I was out with this group a few weeks ago and we wound up at another place in the neighborhood called the Salty Dog.
They have dancing there after 11 pm and though it took a while, people started coming out on the floor.
The music wasn’t my style—you call that crap music?!?—so I stood on the sidelines and watched as the younger folks did their thing.
I love watching women dance because they just love to dance, whereas the male animal only dances so he can get close to the women.
There was one young woman who made quite an impression of me. She was petite, with bare shoulders and a tattoo on her right arm that I couldn’t quite out, since she never stayed still.
She danced with such exuberance, such joy,I could barely take my eyes off her, and it wasn’t just lust—honestly.
I wanted to be with her in some way that I can’t quite describe, even though I knew the age difference--and her boyfriend with whom she was dancing--would make that quite impossible.

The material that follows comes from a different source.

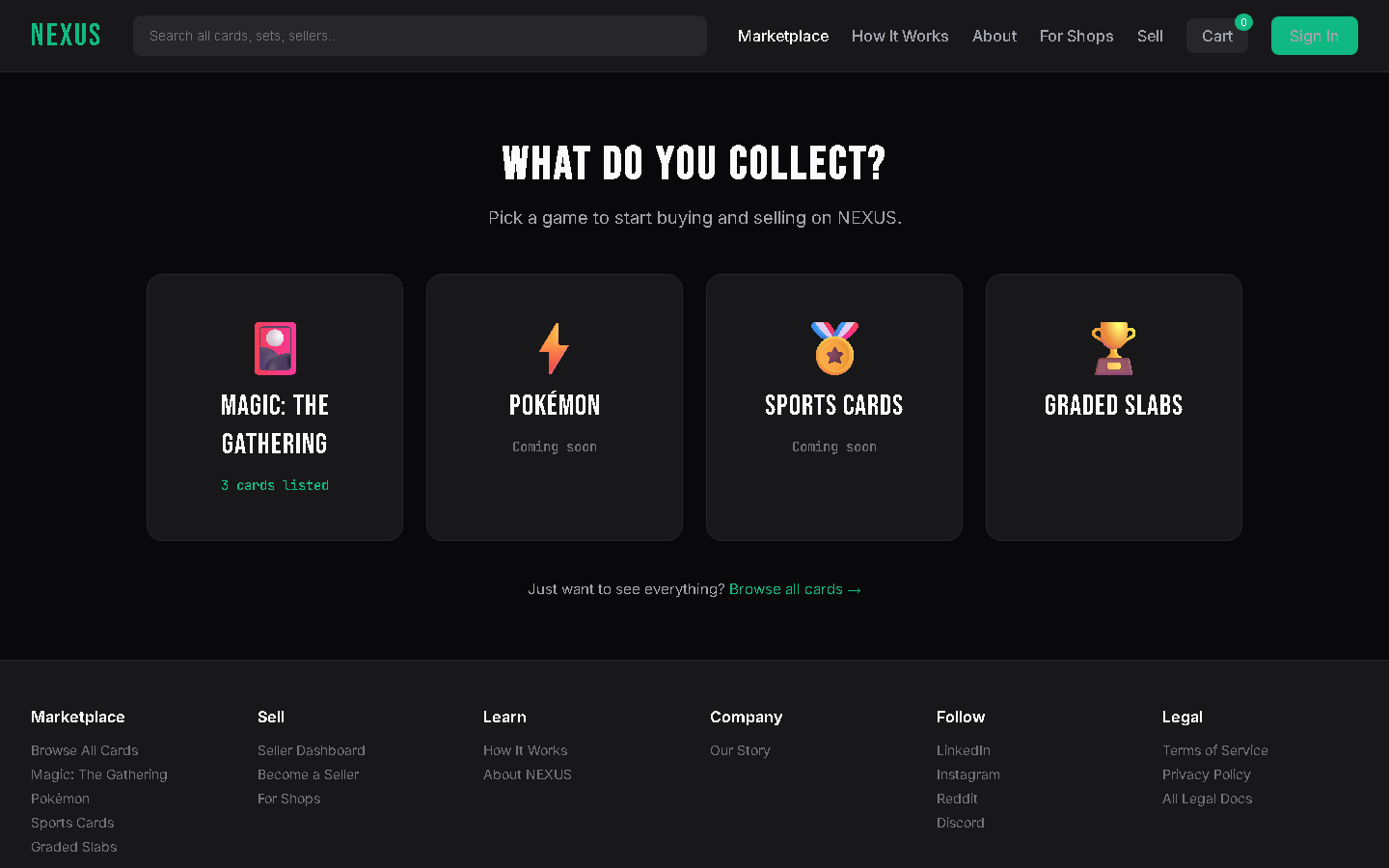 The live NEXUS marketplace: a search bar, category browse and listings.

Of course, even if we were the same age, I don't think I'd have a shot at her anyway. And I’m sure if I saw her in the street I’d walk right by her, but on this night, she had some kind of magic it was happening all over me.
It’s probably for the best that she exists only as a fantasy figure for me. Reality can be such a killjoy. But at least I can learn from her willingness to embrace life and be happy.
I did give myself a nice gift on Saturday. I have this habit of tearing into myself, putting myself down and condemning everything I do or fail to do.
I caught myself doing that on my birthday and I decided I would take a day-long break from this self-abuse. I was declaring a truce is this seemingly endless war in my head.
There was an incident during World War I where German and British troops held a truce at Christmas time. They didn’t wait for the generals or politicians, these soldiers, who were all living in trenches like animals, just decided they would stop killing each other for a short time.
I decided that for one day I’m give myself a break. All those lines like “I should have” and the “why didn’t I’?” and “What’s wrong with me?” got a one-day furlough to leave me the hell of alone.
It was strange not beating up on myself every waking moment. I actually had time to be relax and enjoy my life, and be thankful for my friends and family and for my time on earth.
I want to do this tomorrow and the next day and the day after that. I want to keep having one-day truces until I reach an armistice with myself.
Okay, now I've got to see a man about buying a grave.